* Work request: The reply should hold every line of the listing exactly, and none of its images.

* Data extract:
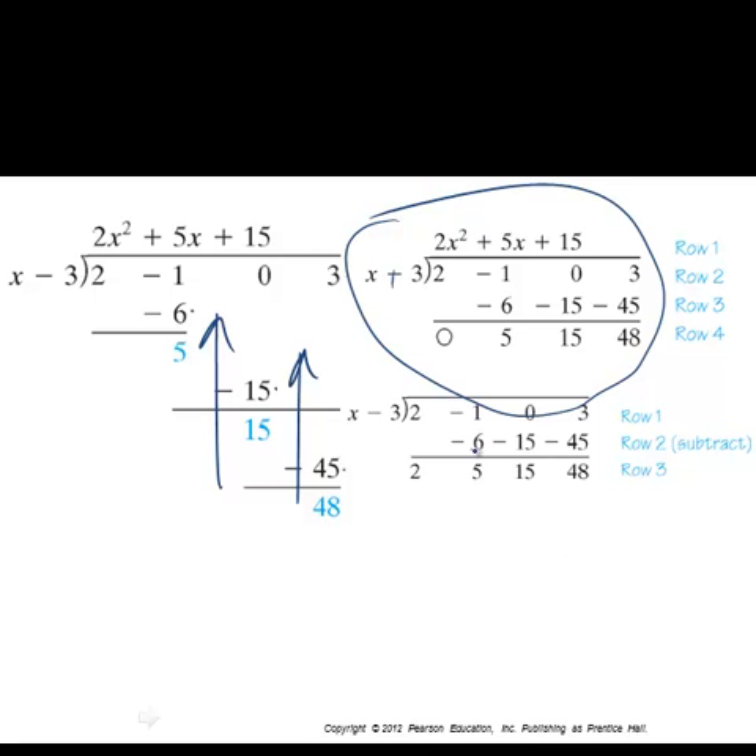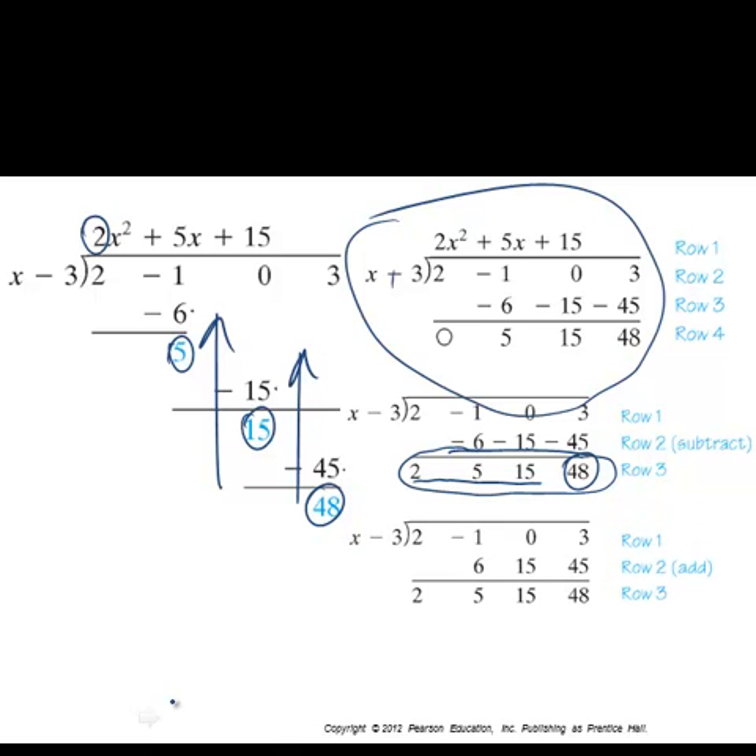Look at what we've got: the 2, the 5, and the 15 are the terms of your quotient, and the 48 is your remainder. The first three of the four numbers on the bottom row are the terms of the quotient polynomial, and 48 is the remainder. You can see the pattern — this gives you the inspiration for how synthetic division works.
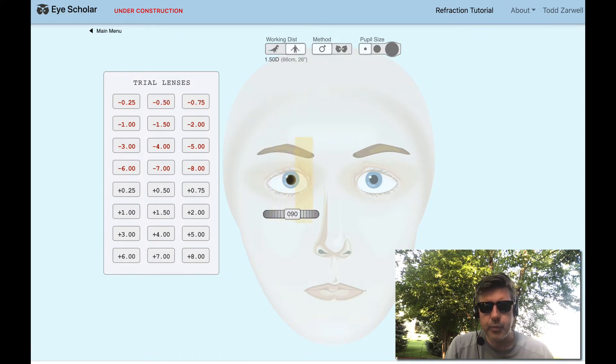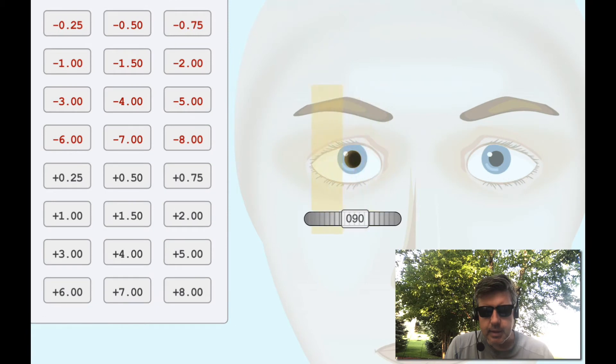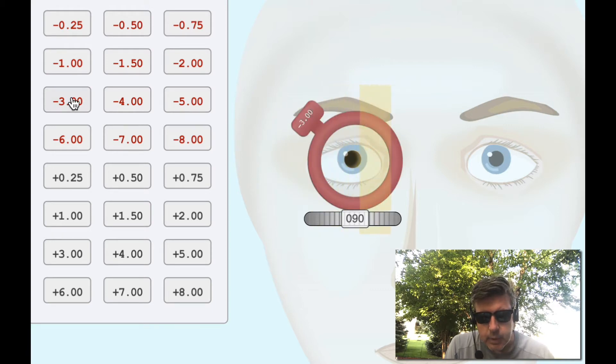When I look at this reflex, I really don't see much of anything. I think maybe I just get a hint of against motion and it's super dim, so I can't even see it. Let's just throw some minus in there. Okay, now I see something. Let's get even more minus in there — let's take the three out and put a five in there. Okay, now we're seeing something.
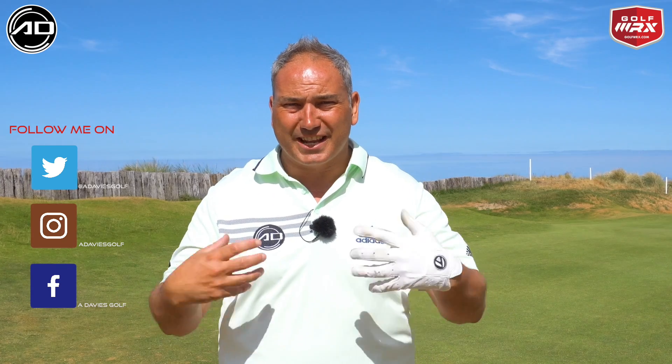Welcome back to Alistair Davis Golf. Today's video is all about the deep rough recovery shot if you happen to miss a fairway off the tee. We've come to the absolutely beautiful Abu Dhabi Golf Course in Wales to highlight some thick rough shots and links-style golf, which hopefully you're seeing on The Open on TV at the moment.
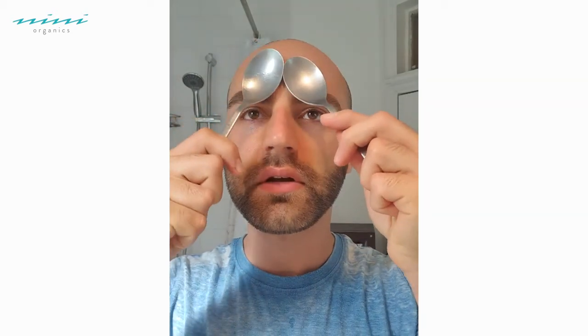Breathe in that gorgeous aroma of passion fruit, blue tansy, and lavender. Then I'm going to get the spoons to do the spoon facial. Place underneath the eyes — so cool — and then work outwards and round, down underneath the eyes, outwards and round.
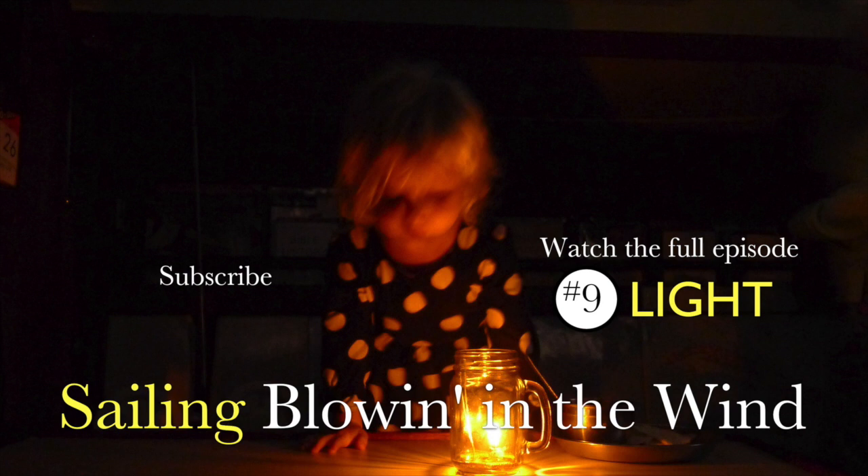If you'd like to learn more or are interested in purchasing one of these lovely little lamps, check out the links in our description below. Joining us next week, we'll be back with a full-length episode about learning to sail in our dinghy. See you next week.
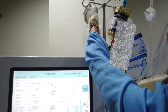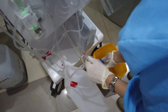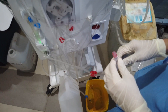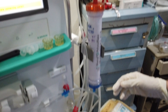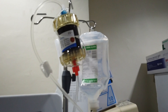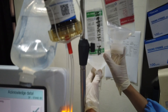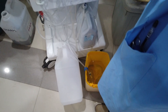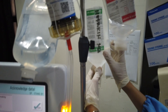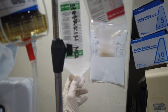Then connect it to the dialyzer, red to red. Since the setup is in recirculation mode, detach the arterial and venous patient's end. Hook the blue end to the bin and make sure the clamp is open. Attach the arterial end somewhere and the clamp should be closed. Start the blood pump and now you're rinsing it with 1 liter PNSS. Once consumed, stop the blood pump and change the 1 liter PNSS to 1 liter heparinized PNSS.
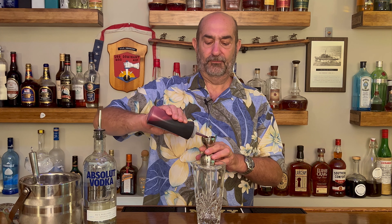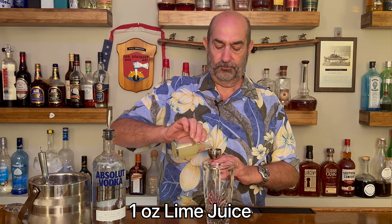One ounce of blueberry lavender syrup — and that's how we're starting. Fresh is best — great color in there. Next, we are going to put in one ounce of lime juice, freshly squeezed, because you've heard it here: fresh is best.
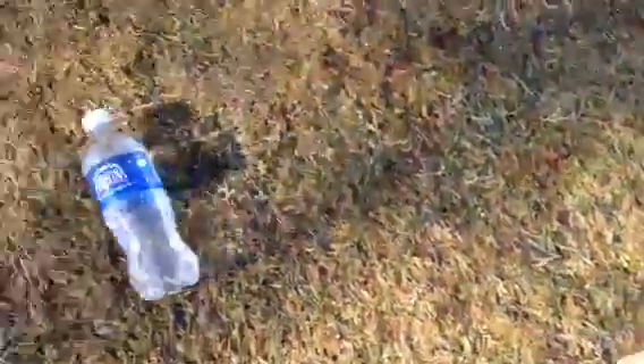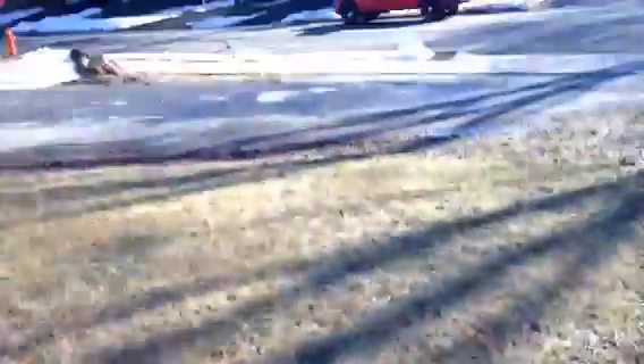Holy crap. Looks like there's some leak in the bottle. Whoa! Your ball's rolling on the street.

* Problem solution:
Look at what we've got: the 2, the 5, and the 15 are the terms of your quotient, and the 48 is your remainder. The first three of the four numbers on the bottom row are the terms of the quotient polynomial, and 48 is the remainder. You can see the pattern — this gives you the inspiration for how synthetic division works.
When I look at this reflex, I really don't see much of anything. I think maybe I just get a hint of against motion and it's super dim, so I can't even see it. Let's just throw some minus in there. Okay, now I see something. Let's get even more minus in there — let's take the three out and put a five in there. Okay, now we're seeing something.
Welcome back to Alistair Davis Golf. Today's video is all about the deep rough recovery shot if you happen to miss a fairway off the tee. We've come to the absolutely beautiful Abu Dhabi Golf Course in Wales to highlight some thick rough shots and links-style golf, which hopefully you're seeing on The Open on TV at the moment.
Breathe in that gorgeous aroma of passion fruit, blue tansy, and lavender. Then I'm going to get the spoons to do the spoon facial. Place underneath the eyes — so cool — and then work outwards and round, down underneath the eyes, outwards and round.
If you'd like to learn more or are interested in purchasing one of these lovely little lamps, check out the links in our description below. Joining us next week, we'll be back with a full-length episode about learning to sail in our dinghy. See you next week.
Then connect it to the dialyzer, red to red. Since the setup is in recirculation mode, detach the arterial and venous patient's end. Hook the blue end to the bin and make sure the clamp is open. Attach the arterial end somewhere and the clamp should be closed. Start the blood pump and now you're rinsing it with 1 liter PNSS. Once consumed, stop the blood pump and change the 1 liter PNSS to 1 liter heparinized PNSS.
One ounce of blueberry lavender syrup — and that's how we're starting. Fresh is best — great color in there. Next, we are going to put in one ounce of lime juice, freshly squeezed, because you've heard it here: fresh is best.
Holy crap. Looks like there's some leak in the bottle. Whoa! Your ball's rolling on the street.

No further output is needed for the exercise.